EXERCISE GOAL – A line below contains "a person and a child walking", and a later one contains "A smiling woman". Repeat both, with every line between them, exactly.
*** RECORDS FOR THE EXERCISE Section Begins ***
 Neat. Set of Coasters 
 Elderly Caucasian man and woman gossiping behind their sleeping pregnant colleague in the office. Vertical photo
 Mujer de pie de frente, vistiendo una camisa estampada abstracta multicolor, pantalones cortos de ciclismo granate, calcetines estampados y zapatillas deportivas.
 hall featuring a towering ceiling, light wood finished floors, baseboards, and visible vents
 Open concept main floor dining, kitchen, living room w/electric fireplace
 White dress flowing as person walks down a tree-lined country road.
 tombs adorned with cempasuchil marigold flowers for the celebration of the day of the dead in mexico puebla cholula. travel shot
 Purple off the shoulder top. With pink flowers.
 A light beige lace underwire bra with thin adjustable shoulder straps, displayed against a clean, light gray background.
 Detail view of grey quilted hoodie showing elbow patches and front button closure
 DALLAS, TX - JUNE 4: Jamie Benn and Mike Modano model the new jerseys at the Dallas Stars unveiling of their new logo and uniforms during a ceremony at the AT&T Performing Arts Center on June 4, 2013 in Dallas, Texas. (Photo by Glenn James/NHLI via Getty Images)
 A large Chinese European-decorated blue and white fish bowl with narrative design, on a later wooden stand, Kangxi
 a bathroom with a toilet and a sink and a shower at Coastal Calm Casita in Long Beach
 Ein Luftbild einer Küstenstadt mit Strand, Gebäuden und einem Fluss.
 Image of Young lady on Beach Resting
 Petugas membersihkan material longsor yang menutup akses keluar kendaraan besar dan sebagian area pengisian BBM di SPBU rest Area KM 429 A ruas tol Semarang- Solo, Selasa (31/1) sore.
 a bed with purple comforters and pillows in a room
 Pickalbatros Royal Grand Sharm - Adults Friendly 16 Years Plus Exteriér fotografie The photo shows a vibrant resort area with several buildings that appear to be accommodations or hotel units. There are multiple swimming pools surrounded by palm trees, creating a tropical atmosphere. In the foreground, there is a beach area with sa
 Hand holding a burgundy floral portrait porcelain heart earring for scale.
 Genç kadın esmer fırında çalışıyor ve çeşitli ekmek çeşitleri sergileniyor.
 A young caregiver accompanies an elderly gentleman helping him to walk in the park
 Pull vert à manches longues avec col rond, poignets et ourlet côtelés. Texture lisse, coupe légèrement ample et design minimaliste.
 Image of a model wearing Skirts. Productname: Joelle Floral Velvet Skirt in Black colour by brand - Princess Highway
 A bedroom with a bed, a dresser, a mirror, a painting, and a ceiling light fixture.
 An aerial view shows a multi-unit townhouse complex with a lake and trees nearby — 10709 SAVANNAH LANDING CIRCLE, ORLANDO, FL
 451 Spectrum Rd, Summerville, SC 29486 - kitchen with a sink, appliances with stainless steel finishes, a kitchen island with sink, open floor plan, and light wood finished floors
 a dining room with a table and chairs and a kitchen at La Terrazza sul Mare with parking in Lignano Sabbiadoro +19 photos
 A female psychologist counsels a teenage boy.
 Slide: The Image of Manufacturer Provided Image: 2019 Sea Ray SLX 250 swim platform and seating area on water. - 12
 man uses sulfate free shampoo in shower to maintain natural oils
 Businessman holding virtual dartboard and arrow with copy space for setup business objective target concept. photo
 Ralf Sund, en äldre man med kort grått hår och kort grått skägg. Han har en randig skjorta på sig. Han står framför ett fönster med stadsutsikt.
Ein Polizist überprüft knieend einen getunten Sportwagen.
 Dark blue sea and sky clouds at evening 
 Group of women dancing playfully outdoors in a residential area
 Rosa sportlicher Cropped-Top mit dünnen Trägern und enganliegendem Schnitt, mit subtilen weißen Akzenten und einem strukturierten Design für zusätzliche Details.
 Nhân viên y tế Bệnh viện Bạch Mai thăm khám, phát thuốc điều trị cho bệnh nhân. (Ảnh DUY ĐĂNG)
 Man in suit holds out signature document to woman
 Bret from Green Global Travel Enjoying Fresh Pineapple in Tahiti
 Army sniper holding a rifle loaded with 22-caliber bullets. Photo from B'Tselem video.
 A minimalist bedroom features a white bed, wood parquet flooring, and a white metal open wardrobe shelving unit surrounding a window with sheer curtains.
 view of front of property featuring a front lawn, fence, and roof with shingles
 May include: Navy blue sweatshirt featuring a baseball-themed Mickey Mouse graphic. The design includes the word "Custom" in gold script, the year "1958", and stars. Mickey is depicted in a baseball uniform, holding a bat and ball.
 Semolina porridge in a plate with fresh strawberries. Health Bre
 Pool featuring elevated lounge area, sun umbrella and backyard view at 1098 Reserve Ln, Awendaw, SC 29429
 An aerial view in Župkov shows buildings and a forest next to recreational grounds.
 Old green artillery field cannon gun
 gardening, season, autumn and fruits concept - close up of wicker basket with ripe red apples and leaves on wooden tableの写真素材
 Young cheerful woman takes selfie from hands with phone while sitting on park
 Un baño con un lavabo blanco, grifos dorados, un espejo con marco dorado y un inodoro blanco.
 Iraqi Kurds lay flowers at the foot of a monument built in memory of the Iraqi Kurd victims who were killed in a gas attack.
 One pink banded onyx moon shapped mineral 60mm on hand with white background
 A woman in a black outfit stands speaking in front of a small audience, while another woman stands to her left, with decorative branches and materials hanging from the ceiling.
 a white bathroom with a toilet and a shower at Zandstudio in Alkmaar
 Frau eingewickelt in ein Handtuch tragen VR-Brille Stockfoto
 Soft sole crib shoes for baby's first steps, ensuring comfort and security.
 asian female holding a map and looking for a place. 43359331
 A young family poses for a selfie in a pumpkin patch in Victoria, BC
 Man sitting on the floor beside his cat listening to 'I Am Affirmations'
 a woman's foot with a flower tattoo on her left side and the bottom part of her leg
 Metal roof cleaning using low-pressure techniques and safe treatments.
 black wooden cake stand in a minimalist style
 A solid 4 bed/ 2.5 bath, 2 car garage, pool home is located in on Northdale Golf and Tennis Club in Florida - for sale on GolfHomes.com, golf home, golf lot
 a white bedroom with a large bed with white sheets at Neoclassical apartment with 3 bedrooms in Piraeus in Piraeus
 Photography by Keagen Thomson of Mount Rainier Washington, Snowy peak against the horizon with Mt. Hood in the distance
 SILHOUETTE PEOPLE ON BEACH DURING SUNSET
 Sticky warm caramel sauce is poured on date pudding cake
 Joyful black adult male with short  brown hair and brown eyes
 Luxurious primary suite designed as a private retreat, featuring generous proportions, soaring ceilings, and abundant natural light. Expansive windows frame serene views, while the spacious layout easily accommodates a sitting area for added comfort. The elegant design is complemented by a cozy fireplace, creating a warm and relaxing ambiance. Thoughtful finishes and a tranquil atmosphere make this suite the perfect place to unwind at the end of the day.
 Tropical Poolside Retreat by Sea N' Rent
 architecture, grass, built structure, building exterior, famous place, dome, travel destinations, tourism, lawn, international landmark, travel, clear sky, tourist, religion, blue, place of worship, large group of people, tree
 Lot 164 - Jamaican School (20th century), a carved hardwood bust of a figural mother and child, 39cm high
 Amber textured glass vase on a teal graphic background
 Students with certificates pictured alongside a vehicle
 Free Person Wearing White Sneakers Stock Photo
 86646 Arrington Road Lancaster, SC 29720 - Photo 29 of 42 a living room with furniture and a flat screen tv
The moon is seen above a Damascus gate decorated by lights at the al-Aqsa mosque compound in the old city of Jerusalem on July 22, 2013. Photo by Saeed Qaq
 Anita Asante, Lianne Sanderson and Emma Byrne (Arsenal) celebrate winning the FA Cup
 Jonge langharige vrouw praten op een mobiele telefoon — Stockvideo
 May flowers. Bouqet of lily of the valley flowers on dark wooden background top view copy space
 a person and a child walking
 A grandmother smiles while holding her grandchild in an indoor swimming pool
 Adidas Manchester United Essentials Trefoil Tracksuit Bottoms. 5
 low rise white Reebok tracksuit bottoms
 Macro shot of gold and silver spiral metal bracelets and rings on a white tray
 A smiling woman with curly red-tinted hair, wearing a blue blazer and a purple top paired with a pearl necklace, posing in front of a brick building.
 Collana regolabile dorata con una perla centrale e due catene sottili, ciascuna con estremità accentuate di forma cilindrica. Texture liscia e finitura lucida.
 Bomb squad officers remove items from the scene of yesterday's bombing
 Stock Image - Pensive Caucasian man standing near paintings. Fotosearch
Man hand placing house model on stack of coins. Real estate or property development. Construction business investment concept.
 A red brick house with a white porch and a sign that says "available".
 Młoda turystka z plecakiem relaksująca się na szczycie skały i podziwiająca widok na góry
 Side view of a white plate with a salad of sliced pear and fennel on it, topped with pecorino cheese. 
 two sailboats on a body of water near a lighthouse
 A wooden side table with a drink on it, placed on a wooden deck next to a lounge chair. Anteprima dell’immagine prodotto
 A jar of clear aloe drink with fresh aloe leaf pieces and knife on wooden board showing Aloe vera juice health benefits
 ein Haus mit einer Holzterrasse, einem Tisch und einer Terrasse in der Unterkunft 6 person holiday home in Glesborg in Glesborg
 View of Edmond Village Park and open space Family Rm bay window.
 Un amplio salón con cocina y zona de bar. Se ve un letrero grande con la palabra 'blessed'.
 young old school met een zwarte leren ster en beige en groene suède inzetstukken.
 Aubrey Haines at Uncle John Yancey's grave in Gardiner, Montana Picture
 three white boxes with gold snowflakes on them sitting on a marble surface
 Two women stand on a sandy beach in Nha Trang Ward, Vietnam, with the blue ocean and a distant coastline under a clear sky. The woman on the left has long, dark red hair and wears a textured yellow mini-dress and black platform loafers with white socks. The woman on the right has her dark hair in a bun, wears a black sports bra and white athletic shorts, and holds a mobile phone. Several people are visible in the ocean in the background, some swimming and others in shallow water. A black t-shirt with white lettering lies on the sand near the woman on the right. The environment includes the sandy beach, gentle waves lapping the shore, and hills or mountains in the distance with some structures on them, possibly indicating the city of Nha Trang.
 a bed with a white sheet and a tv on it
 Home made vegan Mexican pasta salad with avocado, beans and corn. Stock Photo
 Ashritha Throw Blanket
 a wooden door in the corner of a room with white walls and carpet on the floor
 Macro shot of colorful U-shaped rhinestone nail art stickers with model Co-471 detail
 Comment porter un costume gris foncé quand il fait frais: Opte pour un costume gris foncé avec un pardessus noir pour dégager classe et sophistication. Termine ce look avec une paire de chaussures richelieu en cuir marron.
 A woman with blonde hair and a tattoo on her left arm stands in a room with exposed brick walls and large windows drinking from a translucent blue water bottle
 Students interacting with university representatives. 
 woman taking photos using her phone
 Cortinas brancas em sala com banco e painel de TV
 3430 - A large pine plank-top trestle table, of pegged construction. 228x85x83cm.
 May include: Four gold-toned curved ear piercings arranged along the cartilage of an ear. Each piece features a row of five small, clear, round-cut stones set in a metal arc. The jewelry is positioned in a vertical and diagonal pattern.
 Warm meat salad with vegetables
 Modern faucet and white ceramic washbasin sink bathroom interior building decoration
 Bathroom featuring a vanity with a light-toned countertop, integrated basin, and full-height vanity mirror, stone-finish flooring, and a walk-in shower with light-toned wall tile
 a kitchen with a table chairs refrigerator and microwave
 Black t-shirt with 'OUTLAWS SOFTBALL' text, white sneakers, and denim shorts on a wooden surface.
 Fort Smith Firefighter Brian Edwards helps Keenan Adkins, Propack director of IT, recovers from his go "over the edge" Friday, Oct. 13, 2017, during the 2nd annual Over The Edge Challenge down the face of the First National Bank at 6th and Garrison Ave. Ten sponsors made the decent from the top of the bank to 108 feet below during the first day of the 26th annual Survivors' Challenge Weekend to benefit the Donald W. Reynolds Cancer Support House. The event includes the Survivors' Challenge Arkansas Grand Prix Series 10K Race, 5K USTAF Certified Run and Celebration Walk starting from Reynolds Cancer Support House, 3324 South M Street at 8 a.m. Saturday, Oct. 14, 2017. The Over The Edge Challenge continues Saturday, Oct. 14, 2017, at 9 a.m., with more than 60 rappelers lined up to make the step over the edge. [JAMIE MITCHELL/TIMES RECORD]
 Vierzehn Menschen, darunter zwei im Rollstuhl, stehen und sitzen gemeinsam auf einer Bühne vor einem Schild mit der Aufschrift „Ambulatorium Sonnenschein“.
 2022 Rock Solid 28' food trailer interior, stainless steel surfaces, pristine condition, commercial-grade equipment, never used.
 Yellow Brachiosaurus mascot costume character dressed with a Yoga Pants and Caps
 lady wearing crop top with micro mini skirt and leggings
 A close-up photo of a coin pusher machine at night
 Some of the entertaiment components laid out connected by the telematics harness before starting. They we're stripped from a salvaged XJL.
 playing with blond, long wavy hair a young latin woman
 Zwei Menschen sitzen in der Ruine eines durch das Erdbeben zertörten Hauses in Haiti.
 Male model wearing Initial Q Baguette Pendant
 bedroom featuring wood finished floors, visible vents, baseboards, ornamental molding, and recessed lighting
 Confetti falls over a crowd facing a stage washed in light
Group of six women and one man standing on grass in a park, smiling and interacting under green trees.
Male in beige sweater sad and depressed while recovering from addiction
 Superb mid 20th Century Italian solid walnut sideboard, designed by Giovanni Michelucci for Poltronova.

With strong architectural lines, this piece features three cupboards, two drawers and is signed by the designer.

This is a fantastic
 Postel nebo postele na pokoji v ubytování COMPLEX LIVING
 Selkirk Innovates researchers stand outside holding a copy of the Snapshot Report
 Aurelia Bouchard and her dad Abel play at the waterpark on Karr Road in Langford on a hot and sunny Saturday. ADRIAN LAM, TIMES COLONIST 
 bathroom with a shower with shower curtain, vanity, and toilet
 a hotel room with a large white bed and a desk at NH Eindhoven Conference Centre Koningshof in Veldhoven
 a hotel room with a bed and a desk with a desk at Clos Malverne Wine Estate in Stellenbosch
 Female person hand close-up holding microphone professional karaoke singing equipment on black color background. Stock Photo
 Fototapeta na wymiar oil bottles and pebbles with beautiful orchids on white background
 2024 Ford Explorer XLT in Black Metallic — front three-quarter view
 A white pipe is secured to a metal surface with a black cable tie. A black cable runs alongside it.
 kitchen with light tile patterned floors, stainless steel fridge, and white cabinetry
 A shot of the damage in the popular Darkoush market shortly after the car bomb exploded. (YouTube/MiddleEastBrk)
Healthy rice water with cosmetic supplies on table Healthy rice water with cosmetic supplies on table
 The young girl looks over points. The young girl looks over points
*** RECORDS FOR THE EXERCISE Section Ends ***
EXPECTED OUTPUT –
 a person and a child walking
 A grandmother smiles while holding her grandchild in an indoor swimming pool
 Adidas Manchester United Essentials Trefoil Tracksuit Bottoms. 5
 low rise white Reebok tracksuit bottoms
 Macro shot of gold and silver spiral metal bracelets and rings on a white tray
 A smiling woman with curly red-tinted hair, wearing a blue blazer and a purple top paired with a pearl necklace, posing in front of a brick building.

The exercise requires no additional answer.